Have you ever tried writing in the morning?  When are your most productive writing hours?

Monday, March 28, 2011

Public Transit is Your Friend - a Bus-Riding Writer's Manifesto

Every writer should ride the bus.  No, it's not the fastest form of transportation (except in morning rush hour, when those bus-only lanes let you skip congested lanes).  Yes, you may have to sit next to people you don't know with questionable hygiene.  In fact, you may not even score a seat.  But if you have even the slightest interest in other people, in the way that total strangers interact, in the temporary communities that form, you should ride the bus.

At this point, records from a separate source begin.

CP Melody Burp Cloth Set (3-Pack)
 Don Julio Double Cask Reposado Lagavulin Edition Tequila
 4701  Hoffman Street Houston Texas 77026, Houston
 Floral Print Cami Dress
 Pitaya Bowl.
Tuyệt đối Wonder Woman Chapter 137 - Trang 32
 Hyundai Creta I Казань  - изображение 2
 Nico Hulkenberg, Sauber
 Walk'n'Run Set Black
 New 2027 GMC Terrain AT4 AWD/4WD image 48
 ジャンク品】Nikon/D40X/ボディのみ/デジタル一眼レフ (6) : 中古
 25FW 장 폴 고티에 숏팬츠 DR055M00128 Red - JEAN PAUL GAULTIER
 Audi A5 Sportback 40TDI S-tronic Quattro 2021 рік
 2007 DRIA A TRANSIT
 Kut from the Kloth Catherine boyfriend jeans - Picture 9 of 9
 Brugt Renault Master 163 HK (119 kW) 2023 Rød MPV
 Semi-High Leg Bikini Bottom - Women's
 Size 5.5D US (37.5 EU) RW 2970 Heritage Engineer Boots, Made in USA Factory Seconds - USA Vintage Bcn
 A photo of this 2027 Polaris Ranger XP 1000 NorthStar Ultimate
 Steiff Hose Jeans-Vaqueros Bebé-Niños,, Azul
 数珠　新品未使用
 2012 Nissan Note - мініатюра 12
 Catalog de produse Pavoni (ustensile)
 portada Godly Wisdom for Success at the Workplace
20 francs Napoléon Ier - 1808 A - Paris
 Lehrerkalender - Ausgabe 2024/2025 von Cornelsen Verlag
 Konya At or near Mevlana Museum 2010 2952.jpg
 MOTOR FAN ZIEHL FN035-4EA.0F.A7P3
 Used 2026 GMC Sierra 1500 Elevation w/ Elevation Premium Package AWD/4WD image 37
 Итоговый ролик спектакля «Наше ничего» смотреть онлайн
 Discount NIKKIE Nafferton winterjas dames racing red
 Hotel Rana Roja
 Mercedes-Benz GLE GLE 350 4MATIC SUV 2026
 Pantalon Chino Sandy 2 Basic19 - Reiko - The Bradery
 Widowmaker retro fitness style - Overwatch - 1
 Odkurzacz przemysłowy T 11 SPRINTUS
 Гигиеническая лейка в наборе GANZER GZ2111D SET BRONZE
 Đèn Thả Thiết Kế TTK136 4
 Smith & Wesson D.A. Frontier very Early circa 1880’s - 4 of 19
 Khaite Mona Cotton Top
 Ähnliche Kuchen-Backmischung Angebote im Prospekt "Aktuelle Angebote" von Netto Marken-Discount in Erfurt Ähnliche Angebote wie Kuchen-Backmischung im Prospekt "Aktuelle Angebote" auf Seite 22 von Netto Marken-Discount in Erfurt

Here in Portland, the bus is one of the best ways to get around (I'm counting light-rail as a corollary of the bus, since it too is public transit).  It's cheap; most lines run every 15 minutes or more frequently; you can bring a bike with you.  I'm a bus commuter, and I think it's one of the most entertaining ways to get around Portland.

My favorite, of course, is when my bus gets so crowded that it becomes an 'express' - no stopping unless someone pulls the Stop Request.  We zip along (20, maybe even 30 miles per hour), and with everyone packed in close, you hear the morning commuters talking, the music from other people's headphones, the ritual "thank you!" called as each person exits through the rear door of the bus.  Absent conversations to eavesdrop on, you can entertain yourself imagining the backstory of each person who boards the bus or sits around you.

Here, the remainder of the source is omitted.